On the other hand, calling him a misogynist results in plenty of Google hits and video clips. And so, the “trigger” reaction of getting women to march was fairly easy to pull; what was surprising was the huge turnout of rude, angry protesters who left the city full of garbage and homemade detritus when they exited.

The demographic spectrum of marchers was not as wide as the March’s organizers would have liked; some marchers held up signs castigating white women for voting for Trump — thus betraying their sex — while others decried the fact that the march lacked a specific purpose other than to complain vaguely and generally as Trump had not actually taken any political action yet.

But what encouraged veteran organizers was the fact that there were older women mixed in with the crowd, who are statistically more likely to vote and possibly organize — if they’re motivated to do so.

At Washington D.C. think tank American Enterprise Institute, scholar Stan Veuger wrote a study of how demonstrations that formed the Tea Party transformed into political actions that put the group’s candidates into office and allowed the party to be taken seriously as a movement. Of the Women’s March, he said, “Political protests can have an effect. But there’s nothing guaranteed.”

Some past marches on Washington have boasted similar numbers of participants as 2017’s Women’s March, but brought about scant political change, such as the protest against the Iraq War in 2003 or the African-American-centric Million Man March in 1995.

Another example is the storming of the state Capitol building in Wisconsin in 2011 by citizens after Governor Scott Walker moved to weaken unions in the state. Tens of thousands of people participated, but Walker was still reelected in 2012 in a special recall election.

Indeed, as President Trump tweeted about the Women’s March, “Watched protests yesterday, but was under the impression that we just had an election! Why didn’t these people vote?”

Saudi Garcia, a female graduate student at New York University who participated in the march in Washington, knows about following up protests with action. “We need to be like the Tea Party was in 2009,” Garcia said. “Those people were relentless — showing up at town council meetings, everywhere.”

Beth Andre, an academic crisis services worker from Austin, Texas, who marched there instead of in the nation’s capital, echoed Garcia’s sentiment. “We want to be able to harness that energy and anger that we have right now and turn it into something good.”
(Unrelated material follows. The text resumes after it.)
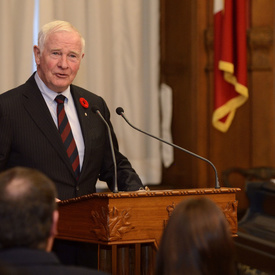 Caring Canadian Award Presentation in Toronto
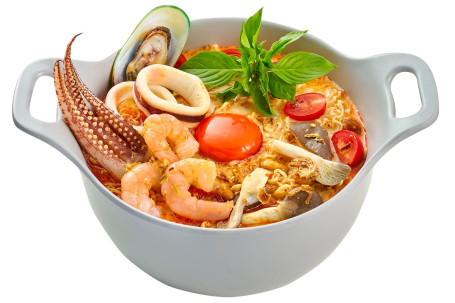 Assorted Seafood Tom Yum Instant Noodles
The organizers of the Women’s March promised participants that there would be 10 additional actions they could take in “the first 100 days” of the Trump administration, but so far they’ve only announced one of them — writing to one’s senator or representative — a step that’s typically not followed by many people.

But one person who’s surely delighted with the oversized turnout on January 21 is billionaire liberal activist George Soros. It was confirmed recently by online news reports that Soros was connected with at least 50 organizations that had played a part in the March.

Soros isn’t a novice when it comes to political action, but counting solely on women as a group is likely not as reliable as a working with a broader coalition of people. So, while women may compose a solid core of Soros’ army of anti-Trump protesters and activists in the future, their unreliability at the polls means that he’ll probably have to integrate them into a larger movement — something that may not be feasible with the ease that he would prefer.